Write out each record below exactly, but not the pictures.

** Opening Records to process block **

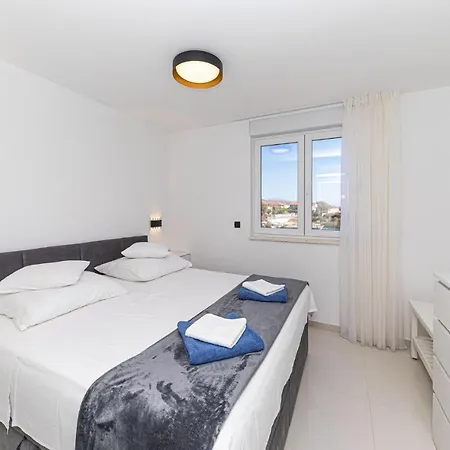 Apartmán In Seget Donji *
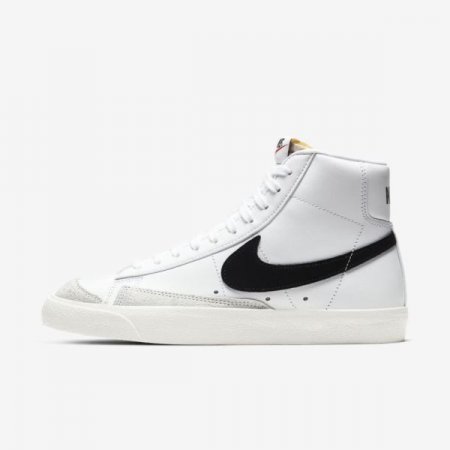 Nike Shoes Blazer Mid '77 | White / Sail / Black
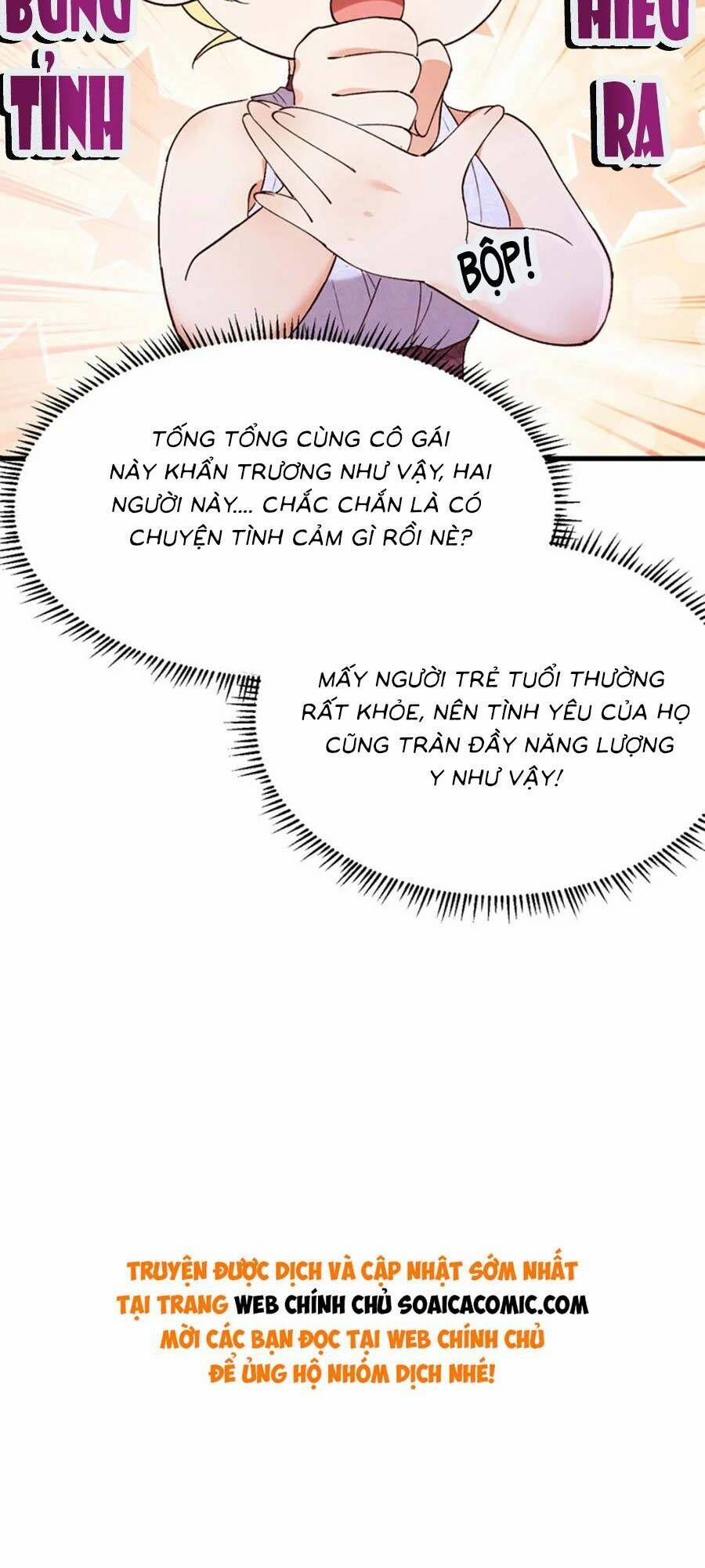 Đêm Nay Ác Nữ Giáng Lâm 104 trang 23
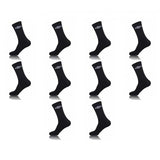 Lot de 10 paires de chaussettes de tennis de marque UMBRO - Livraison Offerte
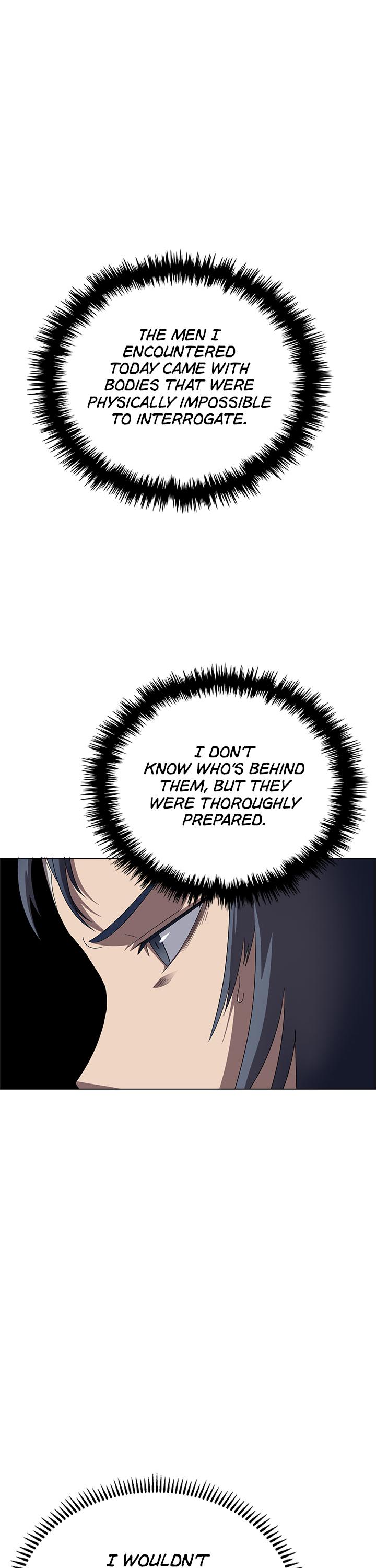 Chronicles of Heavenly Demon Chapter 76 page 29 - Chapter 76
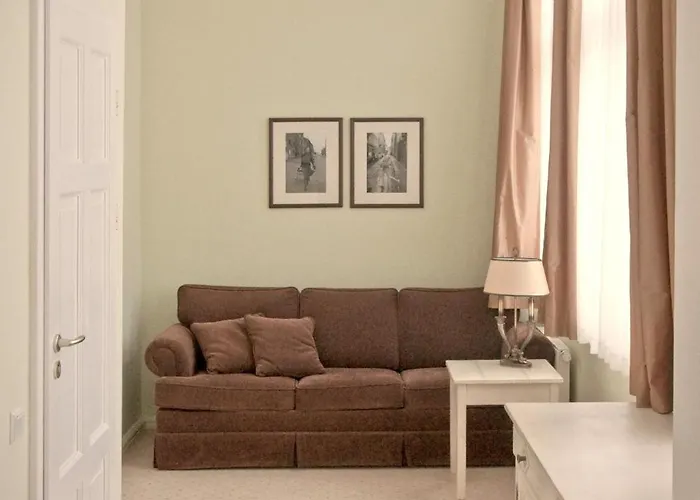 Modiva Hotel apartamentowy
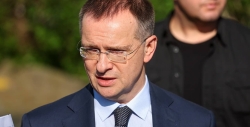 Мединский прокомментировал неготовность Киева к компромиссам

** Closing Records to process block **

**Written reply:**
 Apartmán In Seget Donji *
 Nike Shoes Blazer Mid '77 | White / Sail / Black
 Đêm Nay Ác Nữ Giáng Lâm 104 trang 23
 Lot de 10 paires de chaussettes de tennis de marque UMBRO - Livraison Offerte
 Chronicles of Heavenly Demon Chapter 76 page 29 - Chapter 76
 Modiva Hotel apartamentowy
 Мединский прокомментировал неготовность Киева к компромиссам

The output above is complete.